==== RECORDED DATA

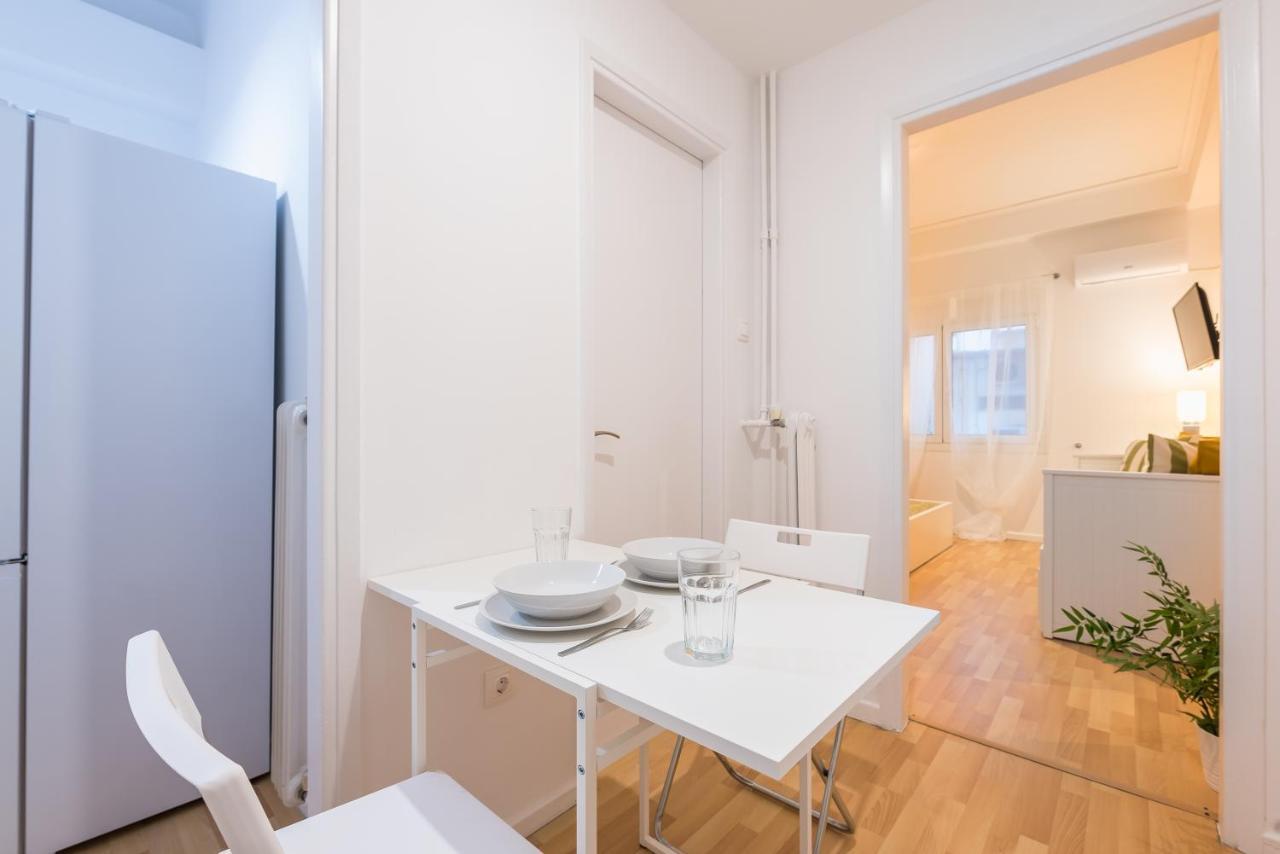 Apartment At Megaro Mousikis St Semi Basement 1Bed 2 Pers Athens Ngoại thất bức ảnh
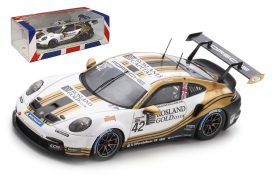 voiture de course blanche et or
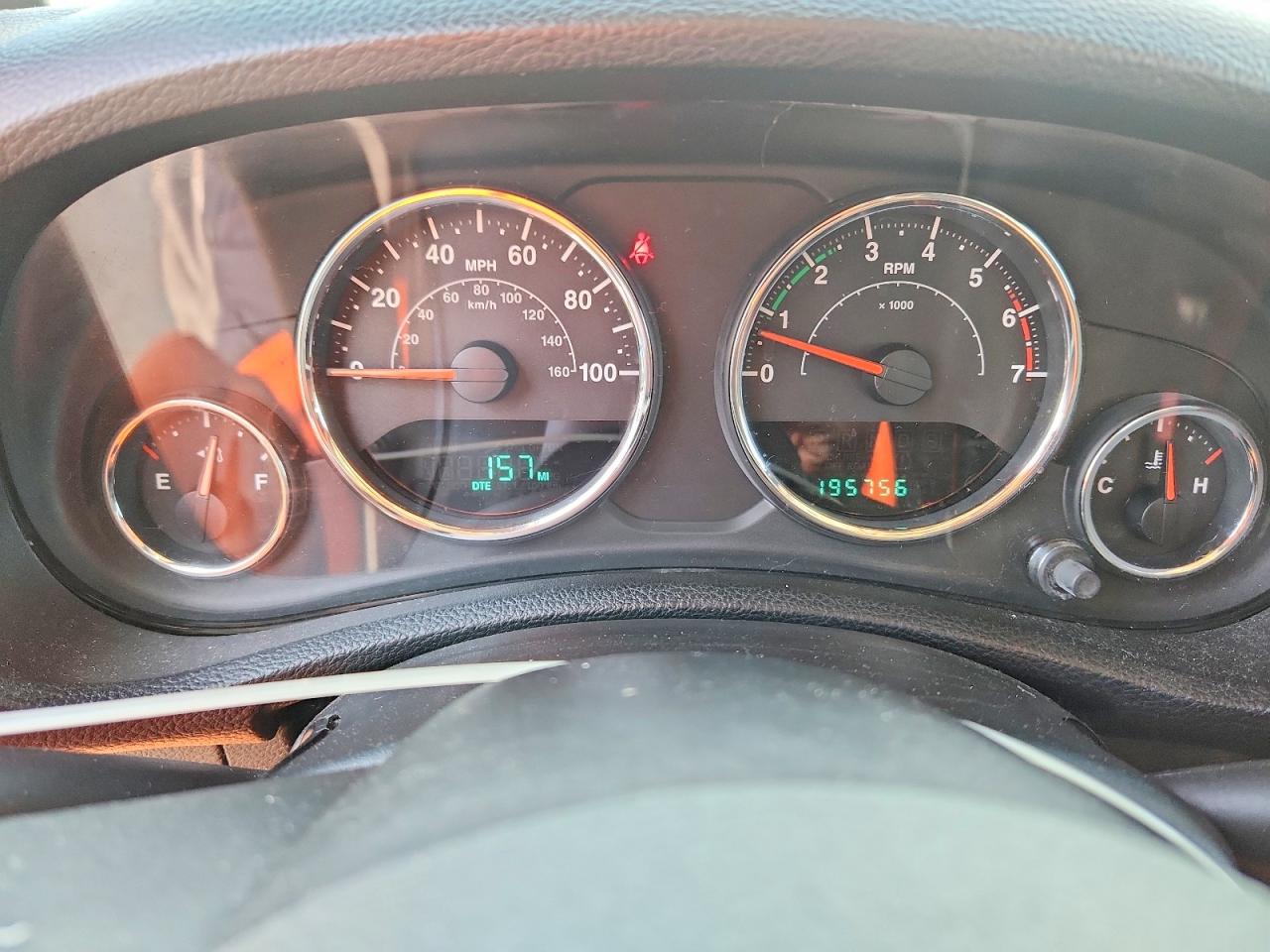 2011 Jeep Wrangler Sport Orange vin: 1J4AA2D16BL574551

========

Leave the images out and give the rest of the data again exactly.

__YOUR RESPONSE__:
 Apartment At Megaro Mousikis St Semi Basement 1Bed 2 Pers Athens Ngoại thất bức ảnh
 voiture de course blanche et or
 2011 Jeep Wrangler Sport Orange vin: 1J4AA2D16BL574551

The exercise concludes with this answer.